> **What you need to do**:
Each entry below has to be written out again exactly.

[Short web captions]
* * * * *
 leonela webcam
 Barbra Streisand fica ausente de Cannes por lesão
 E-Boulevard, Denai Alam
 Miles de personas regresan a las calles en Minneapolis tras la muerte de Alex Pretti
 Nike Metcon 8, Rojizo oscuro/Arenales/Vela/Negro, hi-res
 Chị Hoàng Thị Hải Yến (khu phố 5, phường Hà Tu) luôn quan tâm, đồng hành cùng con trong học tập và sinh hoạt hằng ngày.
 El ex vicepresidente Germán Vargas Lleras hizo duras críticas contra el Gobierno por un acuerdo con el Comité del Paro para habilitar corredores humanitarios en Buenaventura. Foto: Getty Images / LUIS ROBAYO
* * * * *
> **Expected answer**:
 leonela webcam
 Barbra Streisand fica ausente de Cannes por lesão
 E-Boulevard, Denai Alam
 Miles de personas regresan a las calles en Minneapolis tras la muerte de Alex Pretti
 Nike Metcon 8, Rojizo oscuro/Arenales/Vela/Negro, hi-res
 Chị Hoàng Thị Hải Yến (khu phố 5, phường Hà Tu) luôn quan tâm, đồng hành cùng con trong học tập và sinh hoạt hằng ngày.
 El ex vicepresidente Germán Vargas Lleras hizo duras críticas contra el Gobierno por un acuerdo con el Comité del Paro para habilitar corredores humanitarios en Buenaventura. Foto: Getty Images / LUIS ROBAYO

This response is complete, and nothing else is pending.